Work instruction:
Each line below from the one containing "4 gün yürüyecek" through the one containing "Adidas OR Moulded" should be output exactly as it stands, and no other line should appear.

Information supplied:
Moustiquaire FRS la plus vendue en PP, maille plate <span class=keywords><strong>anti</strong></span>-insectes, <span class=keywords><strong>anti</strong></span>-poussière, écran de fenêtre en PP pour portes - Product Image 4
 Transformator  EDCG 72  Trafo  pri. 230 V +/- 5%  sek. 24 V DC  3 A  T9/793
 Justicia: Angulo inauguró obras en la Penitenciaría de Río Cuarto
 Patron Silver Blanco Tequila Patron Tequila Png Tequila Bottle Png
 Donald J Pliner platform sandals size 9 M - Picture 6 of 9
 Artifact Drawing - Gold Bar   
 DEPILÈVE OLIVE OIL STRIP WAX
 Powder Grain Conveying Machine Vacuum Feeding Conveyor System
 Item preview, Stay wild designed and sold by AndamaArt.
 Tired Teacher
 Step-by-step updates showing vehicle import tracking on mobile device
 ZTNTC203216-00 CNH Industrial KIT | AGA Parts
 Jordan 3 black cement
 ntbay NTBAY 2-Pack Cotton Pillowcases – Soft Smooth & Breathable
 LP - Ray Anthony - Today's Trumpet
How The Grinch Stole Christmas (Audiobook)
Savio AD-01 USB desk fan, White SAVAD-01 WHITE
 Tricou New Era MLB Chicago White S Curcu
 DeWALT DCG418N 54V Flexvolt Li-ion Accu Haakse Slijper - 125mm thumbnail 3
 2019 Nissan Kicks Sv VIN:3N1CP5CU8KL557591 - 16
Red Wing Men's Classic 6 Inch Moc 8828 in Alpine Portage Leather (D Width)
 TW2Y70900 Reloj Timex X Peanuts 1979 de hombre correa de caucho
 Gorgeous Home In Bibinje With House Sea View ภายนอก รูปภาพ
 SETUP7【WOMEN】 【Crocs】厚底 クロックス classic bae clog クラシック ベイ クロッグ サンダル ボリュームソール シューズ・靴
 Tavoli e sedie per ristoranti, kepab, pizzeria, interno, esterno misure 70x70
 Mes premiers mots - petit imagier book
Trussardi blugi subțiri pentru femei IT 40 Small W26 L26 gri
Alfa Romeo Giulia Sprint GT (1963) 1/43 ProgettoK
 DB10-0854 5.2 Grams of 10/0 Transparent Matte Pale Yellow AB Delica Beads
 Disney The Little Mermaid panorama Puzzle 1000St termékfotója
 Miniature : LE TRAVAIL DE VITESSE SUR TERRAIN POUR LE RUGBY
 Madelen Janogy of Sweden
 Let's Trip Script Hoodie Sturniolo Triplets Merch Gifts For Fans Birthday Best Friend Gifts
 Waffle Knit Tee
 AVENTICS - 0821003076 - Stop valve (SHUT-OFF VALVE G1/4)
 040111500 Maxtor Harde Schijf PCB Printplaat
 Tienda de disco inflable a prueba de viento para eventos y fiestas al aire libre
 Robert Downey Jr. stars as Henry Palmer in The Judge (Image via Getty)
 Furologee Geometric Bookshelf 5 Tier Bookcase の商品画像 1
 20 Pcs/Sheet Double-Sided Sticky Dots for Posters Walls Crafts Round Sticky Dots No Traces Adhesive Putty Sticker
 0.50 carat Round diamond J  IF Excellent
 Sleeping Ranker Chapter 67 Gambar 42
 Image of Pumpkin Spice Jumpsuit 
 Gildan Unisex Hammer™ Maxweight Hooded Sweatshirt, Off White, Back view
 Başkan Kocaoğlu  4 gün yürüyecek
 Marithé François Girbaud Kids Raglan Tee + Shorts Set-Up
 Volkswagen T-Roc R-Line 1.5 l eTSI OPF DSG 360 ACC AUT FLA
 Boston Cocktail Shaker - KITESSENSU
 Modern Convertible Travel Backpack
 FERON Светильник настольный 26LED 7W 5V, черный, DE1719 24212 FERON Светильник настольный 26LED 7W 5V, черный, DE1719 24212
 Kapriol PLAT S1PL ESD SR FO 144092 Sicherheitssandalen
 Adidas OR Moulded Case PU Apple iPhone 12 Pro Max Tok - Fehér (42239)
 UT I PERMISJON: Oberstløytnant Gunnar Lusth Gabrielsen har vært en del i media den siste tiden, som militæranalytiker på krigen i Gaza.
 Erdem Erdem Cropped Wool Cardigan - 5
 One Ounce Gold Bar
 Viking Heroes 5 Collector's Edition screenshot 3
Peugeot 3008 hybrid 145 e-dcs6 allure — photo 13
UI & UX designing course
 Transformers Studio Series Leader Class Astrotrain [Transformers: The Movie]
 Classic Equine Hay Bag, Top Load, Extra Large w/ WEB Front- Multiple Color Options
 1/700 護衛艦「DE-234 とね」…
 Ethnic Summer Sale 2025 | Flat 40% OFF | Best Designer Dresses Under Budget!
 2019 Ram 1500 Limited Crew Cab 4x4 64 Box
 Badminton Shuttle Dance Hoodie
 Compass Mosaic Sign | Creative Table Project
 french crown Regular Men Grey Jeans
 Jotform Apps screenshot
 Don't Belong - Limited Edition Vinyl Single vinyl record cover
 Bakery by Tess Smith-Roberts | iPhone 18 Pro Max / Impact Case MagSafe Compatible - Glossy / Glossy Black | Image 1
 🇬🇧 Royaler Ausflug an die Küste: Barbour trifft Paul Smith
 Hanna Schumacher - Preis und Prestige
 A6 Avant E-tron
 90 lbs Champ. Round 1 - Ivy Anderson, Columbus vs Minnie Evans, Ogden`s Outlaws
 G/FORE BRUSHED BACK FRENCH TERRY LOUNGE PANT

Task output:
 Başkan Kocaoğlu  4 gün yürüyecek
 Marithé François Girbaud Kids Raglan Tee + Shorts Set-Up
 Volkswagen T-Roc R-Line 1.5 l eTSI OPF DSG 360 ACC AUT FLA
 Boston Cocktail Shaker - KITESSENSU
 Modern Convertible Travel Backpack
 FERON Светильник настольный 26LED 7W 5V, черный, DE1719 24212 FERON Светильник настольный 26LED 7W 5V, черный, DE1719 24212
 Kapriol PLAT S1PL ESD SR FO 144092 Sicherheitssandalen
 Adidas OR Moulded Case PU Apple iPhone 12 Pro Max Tok - Fehér (42239)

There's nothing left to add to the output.